Dans la quête de performance, quelles attributions pour une DRH aux côtés du CEO? La fonction consiste-t-elle à exécuter une feuille de route ou à orienter la stratégie d’entreprise?

. – «Depuis quelques années, la fonction a grandement évolué et permet aux entreprises de s’appuyer sur leur DRH pour orienter la stratégie d’entreprise, surtout en termes de compétences humaines. Avec des sujets comme l’équilibre vie privée/vie professionnelle ou le bien-être au travail, le ou la DRH est à l’écoute du terrain et permet d’orienter la stratégie.

Comment combiner la quête de performance avec des aspirations toujours plus élevées en matière de work-life balance?

«La quête de performance et le respect du work-life balance ne sont pas contradictoires, mais complémentaires. Des collaborateurs épanouis et équilibrés sont plus motivés, productifs et engagés. Il s’agit donc de considérer cela comme un levier de performance.

Talent Acquisition

Le marché de l’emploi est dominé par la «guerre des talents». De quelle manière concrète cela se traduit-il dans vos propres processus de recrutement? À quelles difficultés êtes-vous confrontée?

«Dans notre processus de recrutement, orienté vers le social, nous n’avons pas, à proprement parler, de guerre des talents à notre niveau. Par contre, nous rencontrons des difficultés à recruter pour certains métiers à cause de la reconnaissance des diplômes ou des exigences linguistiques. Cela peut prendre un certain temps, notamment pour les assistants sociaux, par exemple.

Quelles sont les «armes» déployées dans votre entreprise afin de mener à bien cette bataille? Et de quelles «armes» supplémentaires aimeriez-vous disposer si vous aviez le pouvoir de faire évoluer les règlements et les lois?

«Je ne parlerai pas d’armes, mais nous avons un recrutement assez transparent et nous aidons les salariés à acquérir les langues manquantes grâce à des cours. À notre niveau, il est difficile de faire évoluer les règlements et les lois, mais une simplification serait la bienvenue.

Employer Branding

Appliquée à votre organisation, quelle est votre définition de la «marque employeur»?
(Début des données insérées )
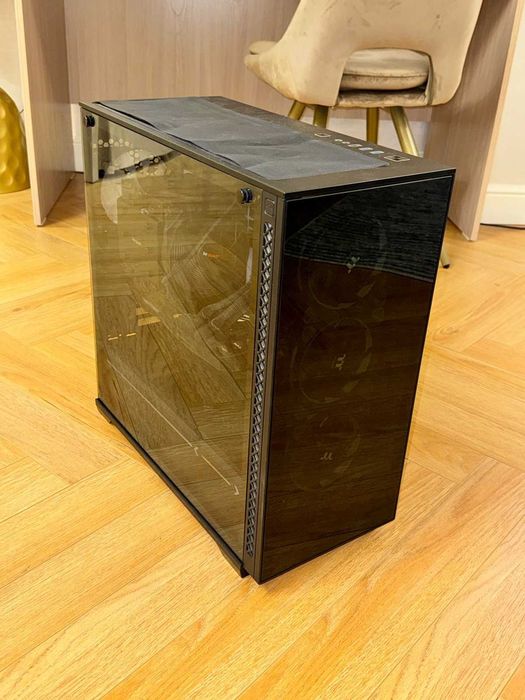 Мощный компьютер на базе Threadripper 3970X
«À Stëmm vun der Strooss, la marque employeur reflète notre mission sociale forte et notre engagement envers les personnes en situation de précarité. Nous offrons à nos salariés la possibilité de contribuer à un projet porteur de sens tout en bénéficiant de possibilités de développement personnel. Cette combinaison d’impact social et d’épanouissement individuel définit notre identité en tant qu’employeur.

À la lumière de cette définition, quel est le rôle des RH dans la valorisation de cette «marque employeur»?

«Notre service RH joue un rôle central dans la marque employeur, notamment en recrutant des profils alignés avec nos valeurs, en favorisant le développement et l’intégration de chaque salarié. Les personnes qui postulent connaissent déjà souvent notre marque de fabrique, car notre mission est presque unique au Luxembourg. L’aide aux personnes démunies et en précarité est une cause qui touche beaucoup.

Re and Upskilling

En matière d’upskilling, quels sont les besoins prioritaires que vous avez identifiés au sein de votre organisation?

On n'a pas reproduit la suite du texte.